Второй темой бесед была поэзия. Ахматова привезла с собой французскую книжку — переводила чью-то повесть для советского издательства. Не знаю, почему она не дала мне своего цикла стихотворений о сыне, возможно, не захватила их с собой в Москву: по тем временам они были небезопасны. Но она дала мне — и не на один вечер — «Поэму без героя».

Название не корреспондировало сути: герой в поэме был — сама Анна Андреевна. Помню такие строки:

И моей двусмысленной славе,
Двадцать лет лежащей в канаве,
Я не так еще послужу!

Я читал и перечитывал поэму (к сожалению, ничего не переписывал) —упивался лучшими строчками, твердил, запоминал, но так и не запомнил самые выразительные главы. Меня восхищали нежные мелодии, тревожило колокольное вступление и блестящие картины бала-маскарада с его веселыми и трагическими масками и огромной силы сцены самоубийства юного поклонника, застрелившегося у ее квартиры в момент прощания.

И лицом на порог —
Да простит тебе бог!

Превосходно была передана общественная тревога, охватившая окружение Ахматовой перед войной — ожидание крушения и непроизвольное стремление ускорить бурю, которая, возможно, несет тебе гибель. Вполне по старой формуле: «Лучше страшный конец, чем страх без конца». Не уверен, что Ахматова точно передала реаль­ные настроения того времени, но если это была подправленная последующими событиями реминисценция, то, во всяком случае, стихи звучали вели­колепно, а для меня это было главным.

Полный вечер мы говорили с ней о «Поэме без героя». Она охотно выслушивала мои восторги, расшифровывала автонимы (помню, что и Николай Степанович упоминался, и юноша Князев, и многие другие).
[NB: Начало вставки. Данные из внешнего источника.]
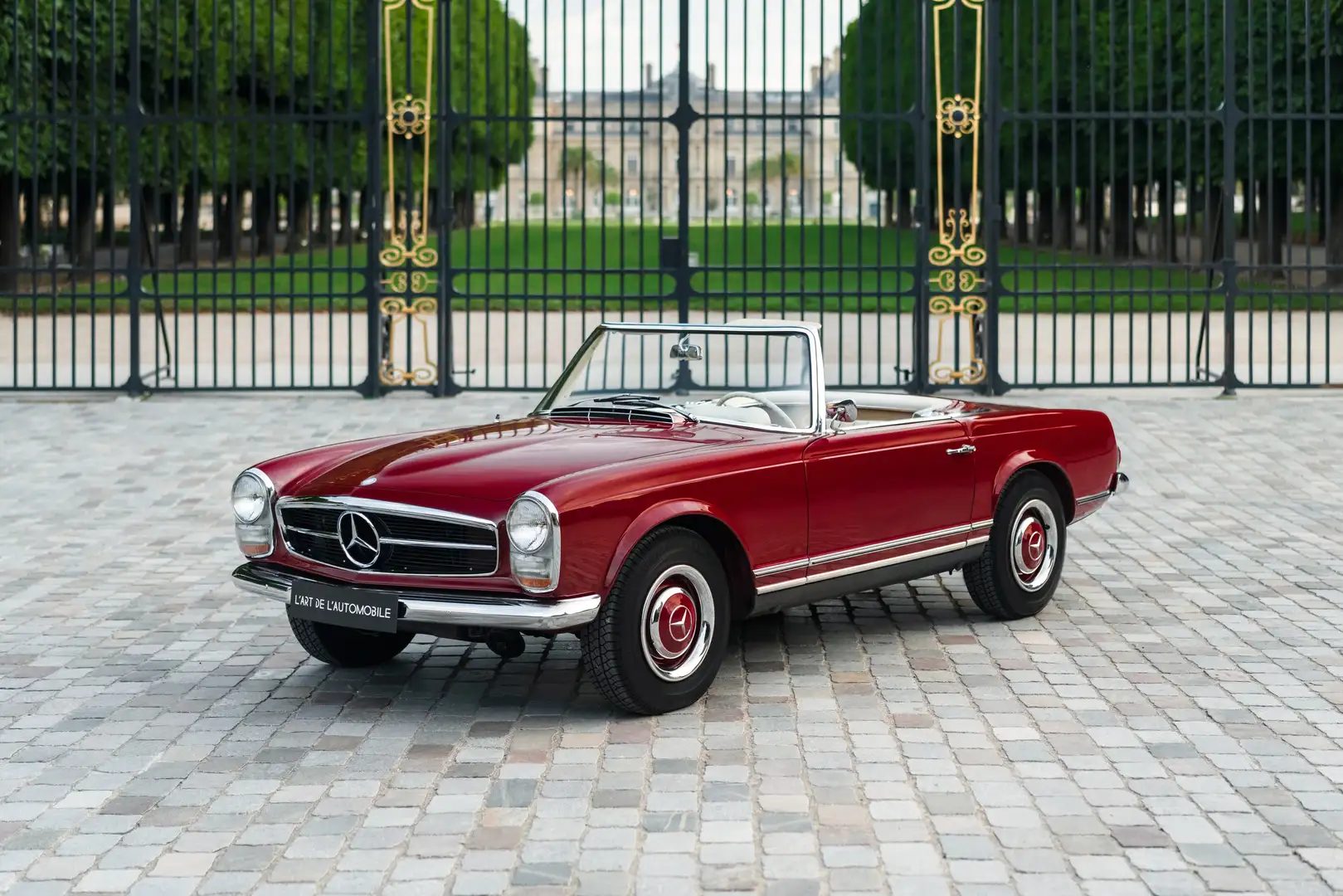 Mercedes-Benz SL 230 Pagode Automatic, only 40 500 kms/original invoice Rot - 1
Как все настоящие поэты, она объективировала себя, становилась для самой себя персонифицированным литературным явлением — и поэтому с Ахматовой можно было говорить о ней как о некоем объекте, отличном от нее, сидящей на диванчике. Но в понимание себя, кроме литературоведческой оценки, подправленной самолюбием, она вносила и типично женский взгляд — как бы со стороны.